On the other hand, if I may be brutally honest, the first year of homeschooling is hard. No amount of relaxation can prepare you for the challenge ahead. You just have to go for it with diligence and a willingness to be flexible. During the first year of home educating, the natural focus is curriculum and keeping the kids on task. Children who have been in school know the school routine. The real challenge for families is establishing a new lifestyle, building trust from the child as their teacher, drawing boundaries, and navigating new curriculum. The most important thing you will work on during the first year of homeschooling is building good character in yourself and your children. It is overwhelming at times and may seem impossible but, I promise, it will get better. Through every challenge keep in mind, the return of your investment will be priceless.
Mom vs. Teacher
The whole first year homeschooling is a transition. The routine gets smoother as each quarter progresses. In the beginning your kids may compare you to their teachers. The problem is we have given our power over to the school and teacher for so long. It takes a while to regain our footing and start our momentum in this area of parenting. As you build trust with your child, the comparisons fades away. Not overnight but within a several months.

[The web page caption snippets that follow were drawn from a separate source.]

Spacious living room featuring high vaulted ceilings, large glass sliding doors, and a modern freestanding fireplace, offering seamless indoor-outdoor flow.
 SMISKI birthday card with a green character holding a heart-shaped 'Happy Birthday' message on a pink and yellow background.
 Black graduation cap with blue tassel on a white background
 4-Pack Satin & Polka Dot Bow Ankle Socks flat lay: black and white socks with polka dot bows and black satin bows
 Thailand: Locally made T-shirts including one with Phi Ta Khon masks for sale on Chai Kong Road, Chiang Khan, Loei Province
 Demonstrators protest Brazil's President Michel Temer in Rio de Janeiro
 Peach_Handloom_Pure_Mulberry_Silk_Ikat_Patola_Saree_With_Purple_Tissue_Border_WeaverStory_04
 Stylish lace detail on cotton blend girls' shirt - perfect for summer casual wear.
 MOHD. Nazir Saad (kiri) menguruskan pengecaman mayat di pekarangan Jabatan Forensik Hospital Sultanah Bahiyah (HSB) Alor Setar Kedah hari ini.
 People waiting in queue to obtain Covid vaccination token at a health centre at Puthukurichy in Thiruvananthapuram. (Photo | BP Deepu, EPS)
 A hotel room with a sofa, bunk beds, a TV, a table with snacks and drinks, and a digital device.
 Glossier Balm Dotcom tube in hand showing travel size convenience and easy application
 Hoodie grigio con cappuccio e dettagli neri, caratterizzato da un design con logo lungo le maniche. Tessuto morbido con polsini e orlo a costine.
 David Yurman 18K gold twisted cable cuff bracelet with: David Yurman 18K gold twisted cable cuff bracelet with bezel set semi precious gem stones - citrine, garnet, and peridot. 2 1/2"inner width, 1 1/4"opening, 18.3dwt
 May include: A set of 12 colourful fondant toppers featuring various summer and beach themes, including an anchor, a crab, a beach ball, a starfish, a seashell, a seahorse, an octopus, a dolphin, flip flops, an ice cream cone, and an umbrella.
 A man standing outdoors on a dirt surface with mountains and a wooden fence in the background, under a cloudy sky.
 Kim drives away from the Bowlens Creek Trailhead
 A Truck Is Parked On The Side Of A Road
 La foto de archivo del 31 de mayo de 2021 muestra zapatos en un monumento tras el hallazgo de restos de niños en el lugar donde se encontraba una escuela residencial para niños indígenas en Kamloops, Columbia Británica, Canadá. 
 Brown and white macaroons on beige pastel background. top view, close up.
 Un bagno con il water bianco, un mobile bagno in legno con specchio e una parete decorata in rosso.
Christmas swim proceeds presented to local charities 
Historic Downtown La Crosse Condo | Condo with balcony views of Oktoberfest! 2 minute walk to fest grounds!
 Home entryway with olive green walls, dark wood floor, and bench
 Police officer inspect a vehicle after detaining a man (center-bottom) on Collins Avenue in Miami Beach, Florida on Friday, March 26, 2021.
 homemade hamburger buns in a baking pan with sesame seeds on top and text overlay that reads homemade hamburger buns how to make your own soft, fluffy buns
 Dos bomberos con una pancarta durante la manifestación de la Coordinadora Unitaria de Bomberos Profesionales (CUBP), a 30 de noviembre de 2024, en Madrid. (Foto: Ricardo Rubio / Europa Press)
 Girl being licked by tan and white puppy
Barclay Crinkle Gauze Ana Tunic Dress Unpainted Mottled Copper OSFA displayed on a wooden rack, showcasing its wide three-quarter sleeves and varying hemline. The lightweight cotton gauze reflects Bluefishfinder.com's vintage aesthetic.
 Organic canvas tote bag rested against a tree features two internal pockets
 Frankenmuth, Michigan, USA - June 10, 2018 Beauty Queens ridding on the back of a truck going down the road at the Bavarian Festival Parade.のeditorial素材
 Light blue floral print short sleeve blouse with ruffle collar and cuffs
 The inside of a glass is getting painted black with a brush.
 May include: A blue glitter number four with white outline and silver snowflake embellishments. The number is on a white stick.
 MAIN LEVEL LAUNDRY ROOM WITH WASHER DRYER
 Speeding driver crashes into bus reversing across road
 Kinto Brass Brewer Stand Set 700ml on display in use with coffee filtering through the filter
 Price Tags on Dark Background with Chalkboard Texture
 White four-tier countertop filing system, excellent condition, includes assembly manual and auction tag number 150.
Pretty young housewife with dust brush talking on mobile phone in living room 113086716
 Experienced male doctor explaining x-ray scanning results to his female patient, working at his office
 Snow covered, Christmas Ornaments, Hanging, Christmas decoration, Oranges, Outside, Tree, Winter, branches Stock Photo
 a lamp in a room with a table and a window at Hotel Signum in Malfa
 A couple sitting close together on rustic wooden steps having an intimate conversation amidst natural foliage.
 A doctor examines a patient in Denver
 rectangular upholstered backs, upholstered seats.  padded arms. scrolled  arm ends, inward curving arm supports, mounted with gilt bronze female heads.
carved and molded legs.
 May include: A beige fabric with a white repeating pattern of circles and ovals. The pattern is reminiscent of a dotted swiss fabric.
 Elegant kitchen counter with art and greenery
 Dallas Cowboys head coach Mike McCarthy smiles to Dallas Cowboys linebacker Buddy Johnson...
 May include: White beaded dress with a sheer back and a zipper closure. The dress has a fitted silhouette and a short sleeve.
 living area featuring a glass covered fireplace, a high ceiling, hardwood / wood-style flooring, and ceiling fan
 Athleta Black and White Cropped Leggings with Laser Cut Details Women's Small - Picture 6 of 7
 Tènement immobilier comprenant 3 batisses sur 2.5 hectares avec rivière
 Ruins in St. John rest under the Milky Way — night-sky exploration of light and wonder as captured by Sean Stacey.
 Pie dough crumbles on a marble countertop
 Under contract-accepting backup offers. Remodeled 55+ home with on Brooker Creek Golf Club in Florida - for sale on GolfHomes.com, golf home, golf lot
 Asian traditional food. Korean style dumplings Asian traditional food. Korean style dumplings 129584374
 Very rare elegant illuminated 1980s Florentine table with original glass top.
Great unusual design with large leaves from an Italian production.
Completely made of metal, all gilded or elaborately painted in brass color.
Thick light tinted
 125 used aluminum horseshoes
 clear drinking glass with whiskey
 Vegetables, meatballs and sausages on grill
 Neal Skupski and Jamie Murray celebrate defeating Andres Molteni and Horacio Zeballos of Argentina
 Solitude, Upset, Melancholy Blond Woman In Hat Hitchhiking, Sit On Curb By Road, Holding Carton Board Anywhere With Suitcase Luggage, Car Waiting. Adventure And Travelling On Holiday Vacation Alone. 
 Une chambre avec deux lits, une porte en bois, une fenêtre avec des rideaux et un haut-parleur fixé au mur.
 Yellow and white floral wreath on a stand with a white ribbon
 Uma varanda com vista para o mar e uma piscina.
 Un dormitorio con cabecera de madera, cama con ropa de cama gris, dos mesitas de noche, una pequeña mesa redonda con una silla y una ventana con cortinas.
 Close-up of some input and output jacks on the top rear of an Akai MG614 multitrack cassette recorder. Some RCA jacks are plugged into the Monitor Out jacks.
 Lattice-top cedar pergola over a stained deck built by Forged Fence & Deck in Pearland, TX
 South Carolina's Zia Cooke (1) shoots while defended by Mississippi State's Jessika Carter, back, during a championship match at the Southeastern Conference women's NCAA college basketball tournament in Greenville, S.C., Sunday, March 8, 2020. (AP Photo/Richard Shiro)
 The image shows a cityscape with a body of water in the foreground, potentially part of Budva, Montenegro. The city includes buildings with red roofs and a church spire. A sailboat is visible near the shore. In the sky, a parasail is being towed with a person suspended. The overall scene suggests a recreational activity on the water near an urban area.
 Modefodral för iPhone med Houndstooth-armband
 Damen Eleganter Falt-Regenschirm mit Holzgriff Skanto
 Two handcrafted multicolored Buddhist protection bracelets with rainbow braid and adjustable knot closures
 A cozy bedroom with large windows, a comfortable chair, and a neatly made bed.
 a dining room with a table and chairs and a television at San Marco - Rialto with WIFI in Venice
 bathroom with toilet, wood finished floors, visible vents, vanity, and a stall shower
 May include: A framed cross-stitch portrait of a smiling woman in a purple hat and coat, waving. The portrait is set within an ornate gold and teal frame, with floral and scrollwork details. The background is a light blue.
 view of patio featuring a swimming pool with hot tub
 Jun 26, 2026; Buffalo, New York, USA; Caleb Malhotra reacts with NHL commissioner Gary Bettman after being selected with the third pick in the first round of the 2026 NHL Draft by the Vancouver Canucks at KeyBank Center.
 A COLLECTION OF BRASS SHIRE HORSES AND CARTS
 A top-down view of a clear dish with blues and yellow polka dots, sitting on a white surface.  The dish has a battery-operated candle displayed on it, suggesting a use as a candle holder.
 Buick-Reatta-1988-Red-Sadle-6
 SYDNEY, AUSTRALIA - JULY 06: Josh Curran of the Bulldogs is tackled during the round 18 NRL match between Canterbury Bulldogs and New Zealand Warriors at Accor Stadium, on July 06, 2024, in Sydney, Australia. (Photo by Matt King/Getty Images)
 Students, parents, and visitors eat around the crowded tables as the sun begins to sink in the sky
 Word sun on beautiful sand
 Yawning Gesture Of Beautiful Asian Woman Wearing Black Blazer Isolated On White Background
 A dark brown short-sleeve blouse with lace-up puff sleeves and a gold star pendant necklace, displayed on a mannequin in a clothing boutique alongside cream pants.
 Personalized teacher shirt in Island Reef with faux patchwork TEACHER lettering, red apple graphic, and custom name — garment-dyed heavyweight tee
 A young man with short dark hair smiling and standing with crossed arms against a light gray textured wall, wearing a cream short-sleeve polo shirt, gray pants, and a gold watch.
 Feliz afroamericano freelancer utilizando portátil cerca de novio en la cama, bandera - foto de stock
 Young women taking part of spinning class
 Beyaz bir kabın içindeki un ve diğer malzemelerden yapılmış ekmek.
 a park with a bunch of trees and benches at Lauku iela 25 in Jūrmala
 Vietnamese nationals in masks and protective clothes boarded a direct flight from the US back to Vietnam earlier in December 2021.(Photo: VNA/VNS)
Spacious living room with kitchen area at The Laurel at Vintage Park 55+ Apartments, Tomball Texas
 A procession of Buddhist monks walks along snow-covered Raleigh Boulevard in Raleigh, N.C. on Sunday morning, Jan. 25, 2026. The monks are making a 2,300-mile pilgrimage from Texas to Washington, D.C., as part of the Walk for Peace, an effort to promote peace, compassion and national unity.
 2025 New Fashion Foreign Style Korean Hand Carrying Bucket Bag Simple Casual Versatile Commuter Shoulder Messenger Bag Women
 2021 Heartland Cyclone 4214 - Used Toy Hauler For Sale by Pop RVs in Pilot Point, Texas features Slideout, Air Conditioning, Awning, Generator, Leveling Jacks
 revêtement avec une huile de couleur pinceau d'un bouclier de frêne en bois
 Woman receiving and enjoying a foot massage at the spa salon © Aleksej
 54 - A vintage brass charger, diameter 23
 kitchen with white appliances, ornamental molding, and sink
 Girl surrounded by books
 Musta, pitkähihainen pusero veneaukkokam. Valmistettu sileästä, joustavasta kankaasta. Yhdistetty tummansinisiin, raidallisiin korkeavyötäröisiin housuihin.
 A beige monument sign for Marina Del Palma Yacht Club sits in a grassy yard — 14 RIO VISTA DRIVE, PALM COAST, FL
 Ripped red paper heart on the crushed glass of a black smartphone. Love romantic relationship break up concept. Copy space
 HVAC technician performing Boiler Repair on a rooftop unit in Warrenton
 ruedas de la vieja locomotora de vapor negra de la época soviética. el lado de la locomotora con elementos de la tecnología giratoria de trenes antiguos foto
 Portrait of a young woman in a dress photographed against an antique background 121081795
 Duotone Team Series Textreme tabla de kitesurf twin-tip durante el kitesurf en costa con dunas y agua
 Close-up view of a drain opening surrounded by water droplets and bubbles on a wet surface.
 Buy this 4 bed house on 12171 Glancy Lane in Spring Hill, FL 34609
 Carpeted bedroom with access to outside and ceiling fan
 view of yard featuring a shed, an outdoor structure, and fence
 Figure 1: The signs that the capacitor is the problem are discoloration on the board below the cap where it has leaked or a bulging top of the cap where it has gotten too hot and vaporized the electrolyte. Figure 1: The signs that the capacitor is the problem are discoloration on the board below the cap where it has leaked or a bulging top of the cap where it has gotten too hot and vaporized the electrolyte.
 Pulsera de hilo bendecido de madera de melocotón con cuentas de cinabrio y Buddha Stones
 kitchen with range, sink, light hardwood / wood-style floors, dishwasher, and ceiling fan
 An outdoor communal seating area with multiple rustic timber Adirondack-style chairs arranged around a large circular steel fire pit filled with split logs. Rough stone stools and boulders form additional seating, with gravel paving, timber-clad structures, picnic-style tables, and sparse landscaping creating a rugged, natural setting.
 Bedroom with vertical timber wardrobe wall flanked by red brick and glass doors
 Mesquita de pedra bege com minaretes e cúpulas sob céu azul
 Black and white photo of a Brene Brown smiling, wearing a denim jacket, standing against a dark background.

Just like in business or ministry, when new management or leadership is coming into play, new trust must be built. Do your homework and plan ahead. Your child will see you have the answers and when you don’t you will learn them together. It is a process with many unknowns. Give yourself and your kids ample grace. In the meantime, here are seven things to check when dealing with bad attitudes while homeschooling.
Dealing with Perfection
Parents with a traditional mind-set towards education tend to struggle more in finding the balance between daily expectations and reality. I fall into this category and here is the deal: What you want to accomplish in a day and the amount work that is possible are not always the same thing. This leads families to compare their daily accomplishments to other families, and often leads to the feeling of inadequacy.
Each homeschool may do the same things but we all do them differently and have varying priorities. Every time you compare another family’s best day to your worst day, it will seem like you are failing. On your good days write down general notes of accomplishments to reflect upon on the bad days. There is much more progress happening than you realize.